А Туся завтра будет в Ленинграде, ее встретит Шура, и они вместе пойдут по Невскому мимо нашей жизни, то есть всех смертей.
Верная присяге, данной мною Тусе, каждый день звоню Евгении Самойловне. Иногда завожу ей книжки, — она ведь рьяная читательница, как и Туся. Без Тусеньки она очень скучает, и я стараюсь ее развлекать, но, признаюсь, не всегда умею ей сочувствовать. Сегодня она пожаловалась мне, что не спала всю ночь.
— Почему же? Случилось что-нибудь?
— Туся мне по телефону сказала: «в красном шкапу почти все цело». Значит, в других шкапах — не все…
Вечером, после тяжелого, изнурительного дня, потащилась к Тусе — за письмом от Шуры, за вещами, которые мне Туся привезла и, главное, чтобы увидеть ее наконец.
В двух крошечных комнатушках и в передней свалены, сдвинуты, приткнуты, заткнуты Тусины вещи. Среди них, как в лабиринте, блуждают Евгения Самойловна и Соломон Маркович. Я радостно встретилась с умным, благородным Тусиным бюро и погладила его: сколько наших ночных разговоров вобрала в себя эта блестящая поверхность!
О городе Туся сказала:
— Он как человек. И если бы Шура не нянчила меня — я не выдержала бы встречи с этим человеком.
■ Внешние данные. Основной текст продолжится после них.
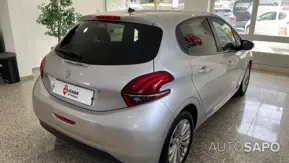 Peugeot 208 de 2017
У них в ленинградской квартире, конечно, какая-то чужая семья. В бывшей Тусиной комнате — бочка с огурцами и картошка: «это мужа кабинет», — говорит генеральша.
А мне Шуринька прислала мой электрический камин.
Знают ли они, Шура и Туся, что' они вернули мне вместе с этим камином?
Только что вернулась от Туси. Час ночи. Поход был с маленькой катастрофой. Я твердо ушла в 11 часов, минута в минуту, но попала под дождь, сунулась обеими ногами в лужу и, дойдя до Каляевской, обнаружила, что на голове нет берета. Я назад, к Тусе, за фонариком, чтобы поискать берет. Фонаря не оказалось, но Туся, как ни устала, отправилась вместе со мною и скоро нашла мой гнусный головной убор: он лежал в луже в подворотне. Туся закутала меня в платок, а мой берет унесла к себе сушить и чинить.
Рассказала мне по дороге, что С.Я. все спрашивает, чем заменить слова «распарить тыкву» в одном стихотворении Китса.
— Ничем не надо, С.Я. Так хорошо. Оставьте так.
— Вы говорите, чтобы избавиться и больше не думать, или потому, что это на самом деле хорошо? — спрашивает С.Я. в гневе.
— Потому что на самом деле.
Но через 10 минут опять звонок и новые сомнения.
Вернулась вчера от Туси в половине второго ночи. В 11 я уже была одета, но до часу простояла перед ней в пальто и шапке. Я смолоду не умела от нее уходить, а теперь, когда она да Шура — все мое достояние, и подавно.
Тусенька съездила в Ленинград недаром. Старый Будда снова стоит на бюро, на том же месте, на той же салфеточке; и фотографии под стеклом… Там Иосиф с высокими молодыми волосами. У нее в комнате все уже снова ленинградское, все наше, из нашей жизни, памятное — последних лет редакции.
Говорили мы обо всем на свете и под конец о нас самих. И все, что во мне смутно, подспудно, — все делается отчетливым здесь, в присутствии Будды, при свете этого голоса.
Мельком я сказала о Грине, что он очень плох, что его формалисты выдумали. Плохой писатель без языка, без мыслей, без людей.
— А формалисты вообще не имели непосредственного слуха к литературе, сказала Туся. — Даже Тынянов. Вот как люди без слуха к музыке. Вот почему им так легко было выдумывать то одно, то другое: непосредственных отношений с поэзией у них не было.